───── LISTED RECORDS

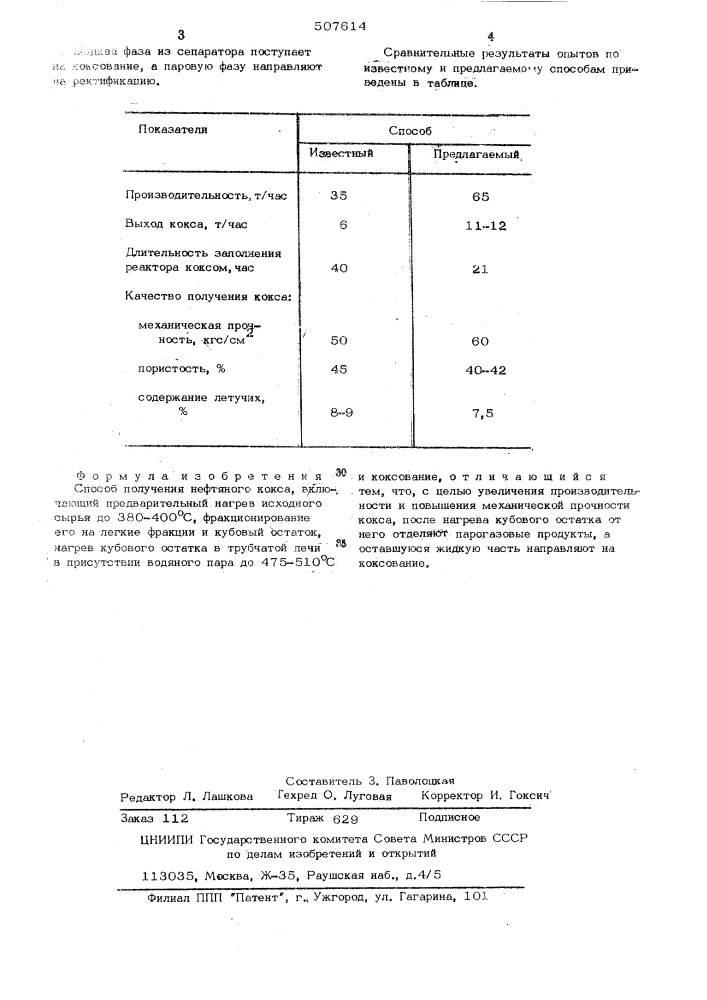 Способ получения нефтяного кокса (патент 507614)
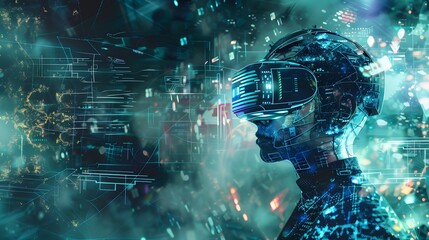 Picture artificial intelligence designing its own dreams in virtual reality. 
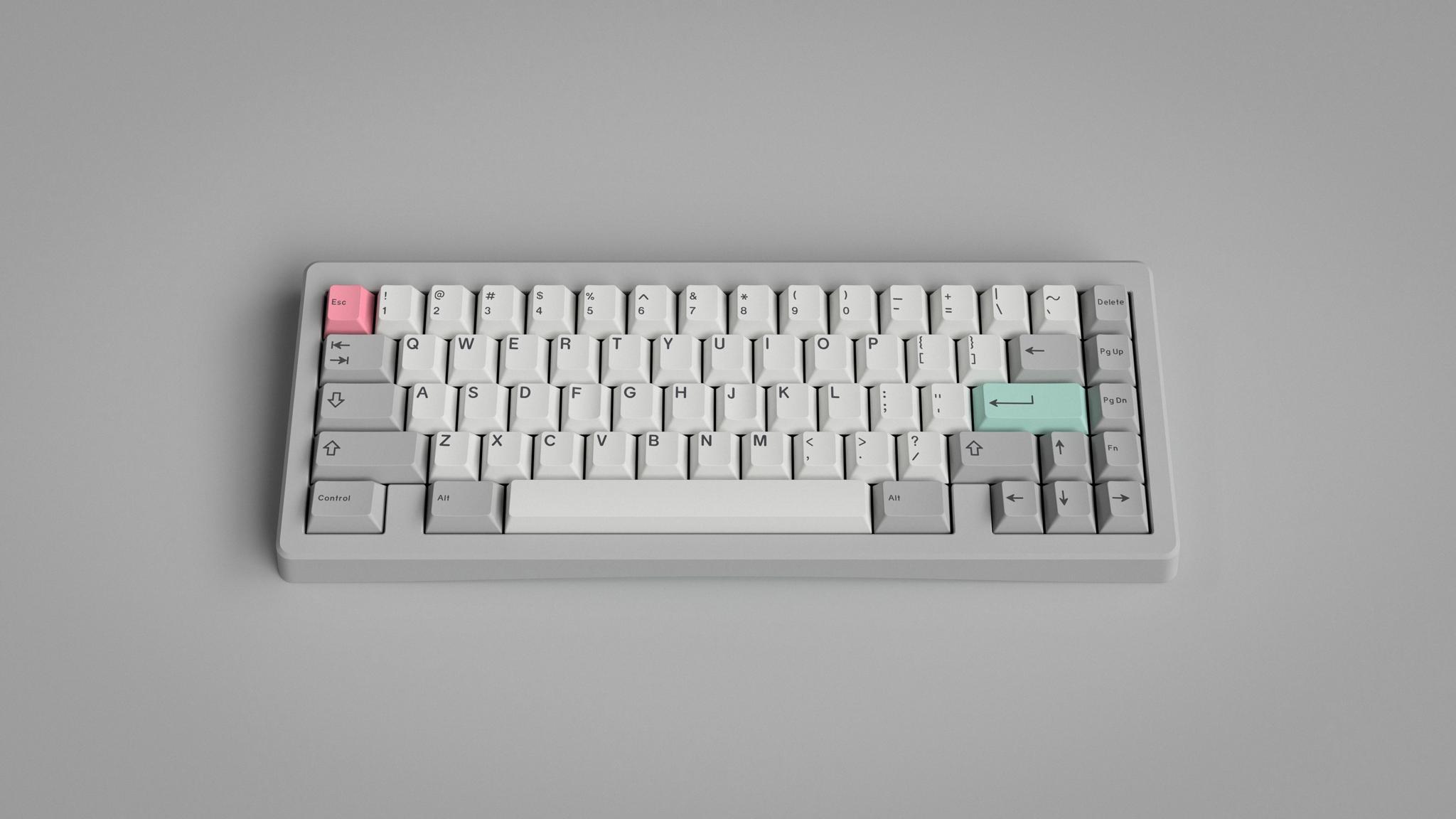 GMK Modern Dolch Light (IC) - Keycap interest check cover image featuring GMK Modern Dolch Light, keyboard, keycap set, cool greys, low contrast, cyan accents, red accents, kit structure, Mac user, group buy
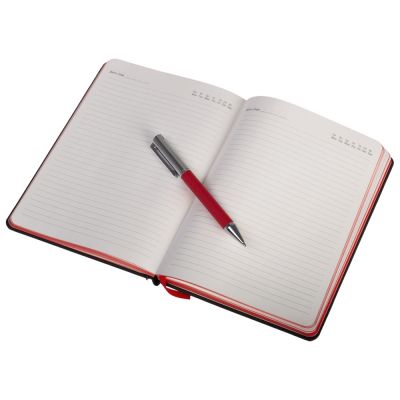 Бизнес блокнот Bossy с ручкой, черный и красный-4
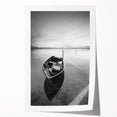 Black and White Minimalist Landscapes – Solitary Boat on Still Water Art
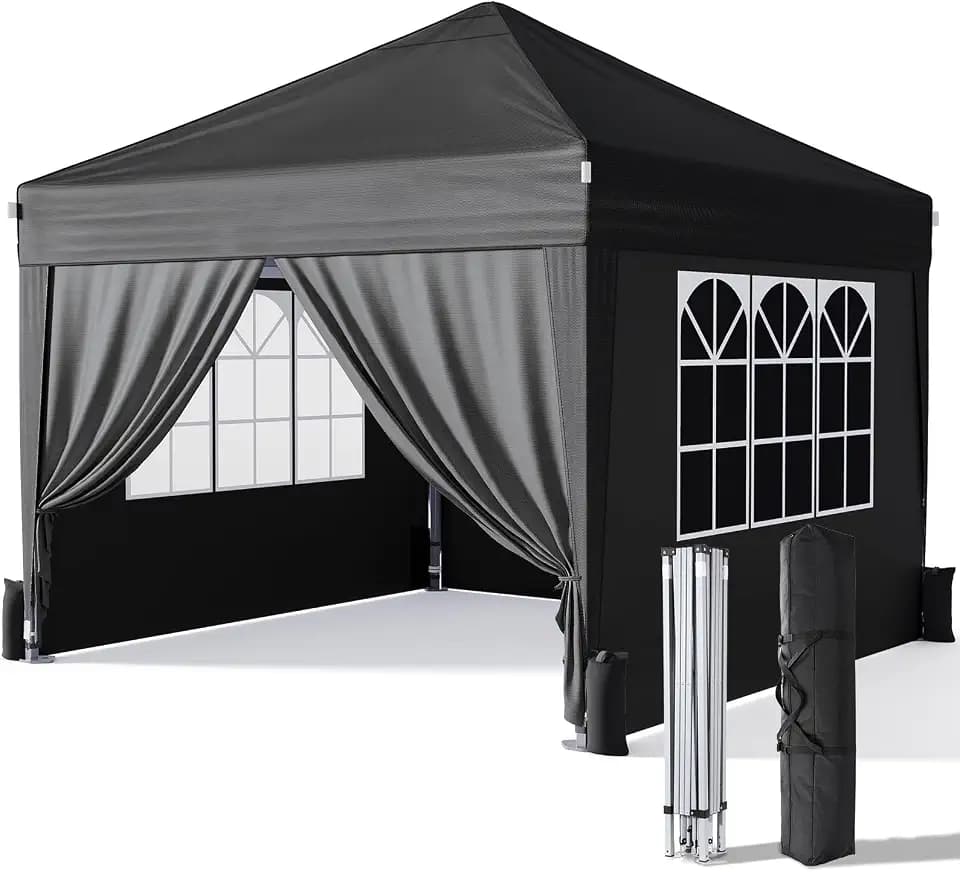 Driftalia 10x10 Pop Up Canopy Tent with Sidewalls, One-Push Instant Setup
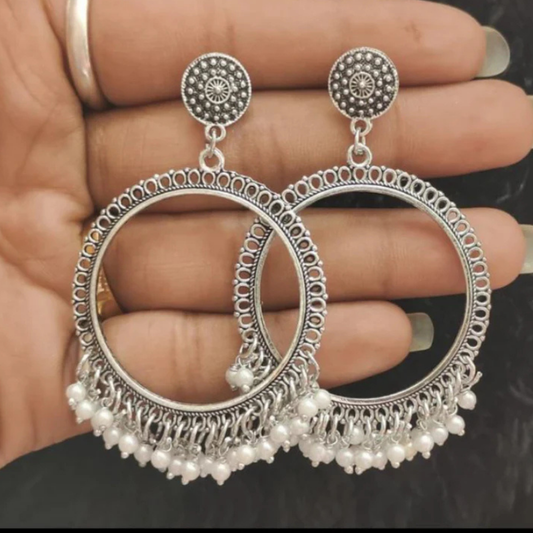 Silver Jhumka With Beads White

──────────
───── LISTED RECORDS

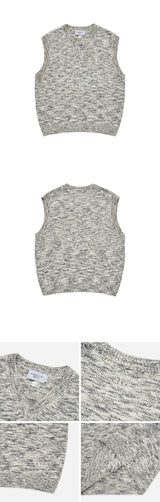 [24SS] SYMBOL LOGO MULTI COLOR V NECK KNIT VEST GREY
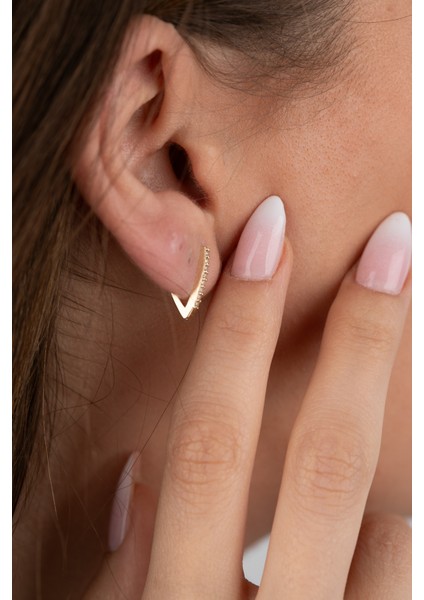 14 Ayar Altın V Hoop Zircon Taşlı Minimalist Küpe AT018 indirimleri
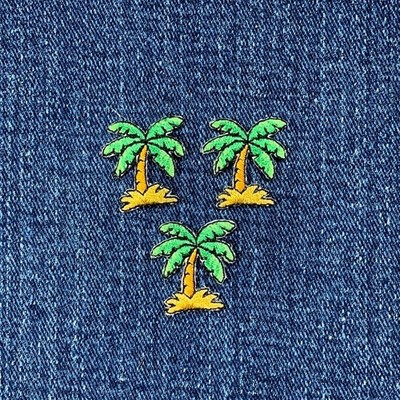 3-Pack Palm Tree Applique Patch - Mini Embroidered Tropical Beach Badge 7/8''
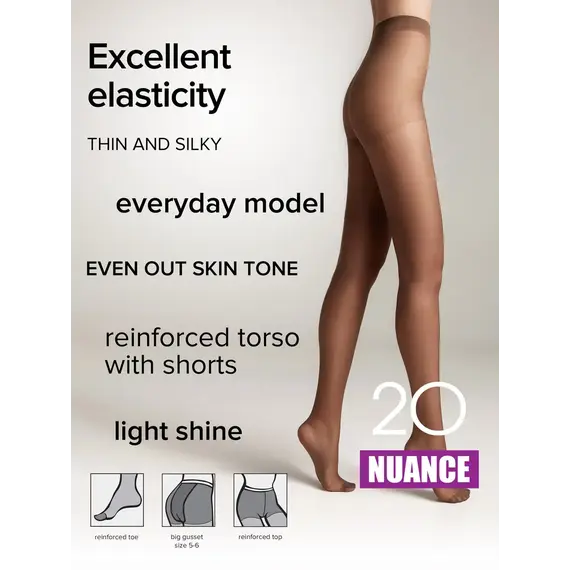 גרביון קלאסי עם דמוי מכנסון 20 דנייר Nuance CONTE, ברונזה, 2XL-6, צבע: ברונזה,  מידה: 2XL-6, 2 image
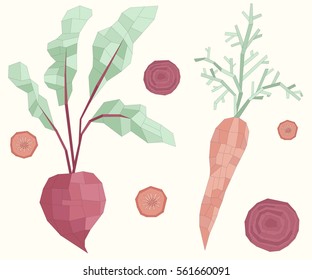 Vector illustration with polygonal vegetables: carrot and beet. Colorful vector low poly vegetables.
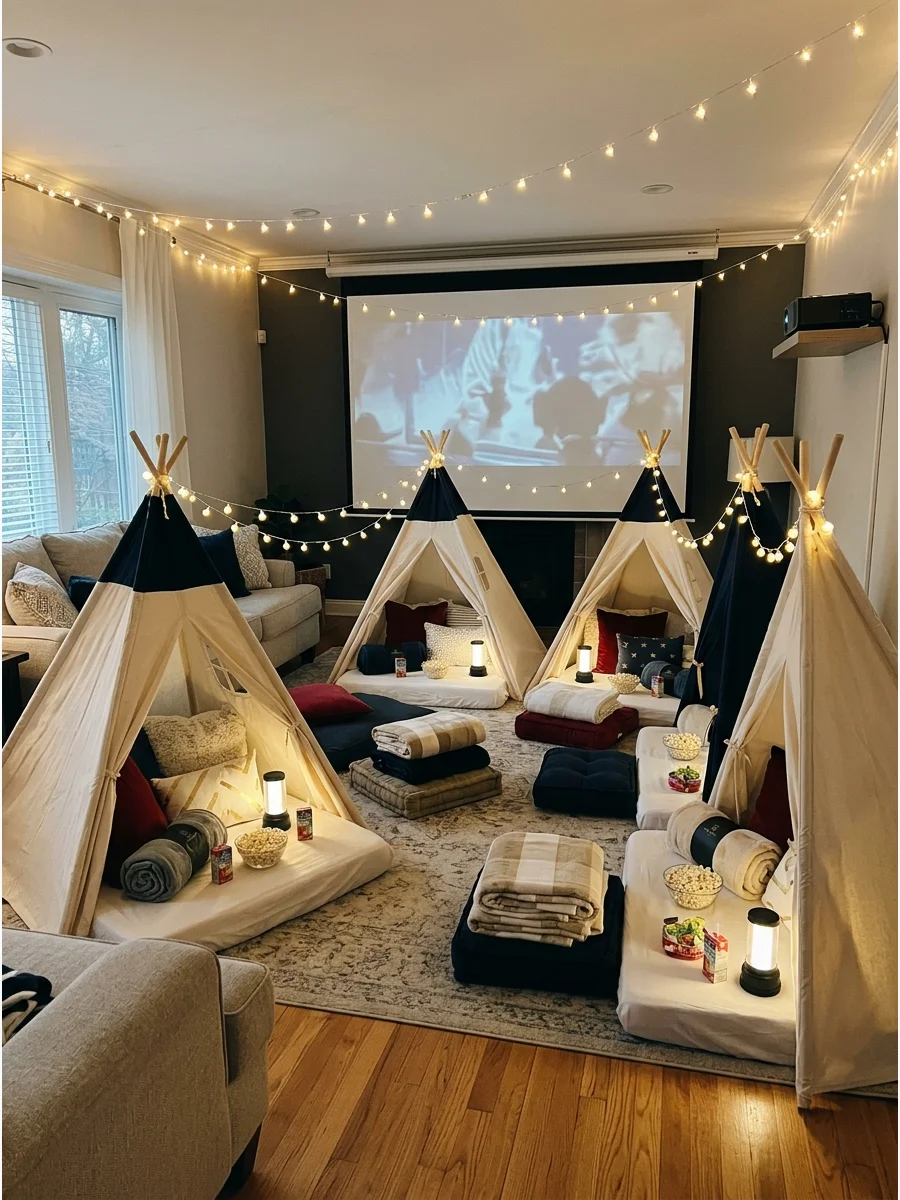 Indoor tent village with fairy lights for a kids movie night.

──────────
───── LISTED RECORDS

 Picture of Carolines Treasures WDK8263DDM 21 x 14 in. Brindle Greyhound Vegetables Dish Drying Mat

──────────

Only one stretch of the data is wanted: write out exactly the lines from the one holding "14 Ayar Altın" through the one holding "Indoor tent village", both included, without the pictures.

▶ **ANSWER BOX**:
 14 Ayar Altın V Hoop Zircon Taşlı Minimalist Küpe AT018 indirimleri
 3-Pack Palm Tree Applique Patch - Mini Embroidered Tropical Beach Badge 7/8''
 גרביון קלאסי עם דמוי מכנסון 20 דנייר Nuance CONTE, ברונזה, 2XL-6, צבע: ברונזה,  מידה: 2XL-6, 2 image
 Vector illustration with polygonal vegetables: carrot and beet. Colorful vector low poly vegetables.
 Indoor tent village with fairy lights for a kids movie night.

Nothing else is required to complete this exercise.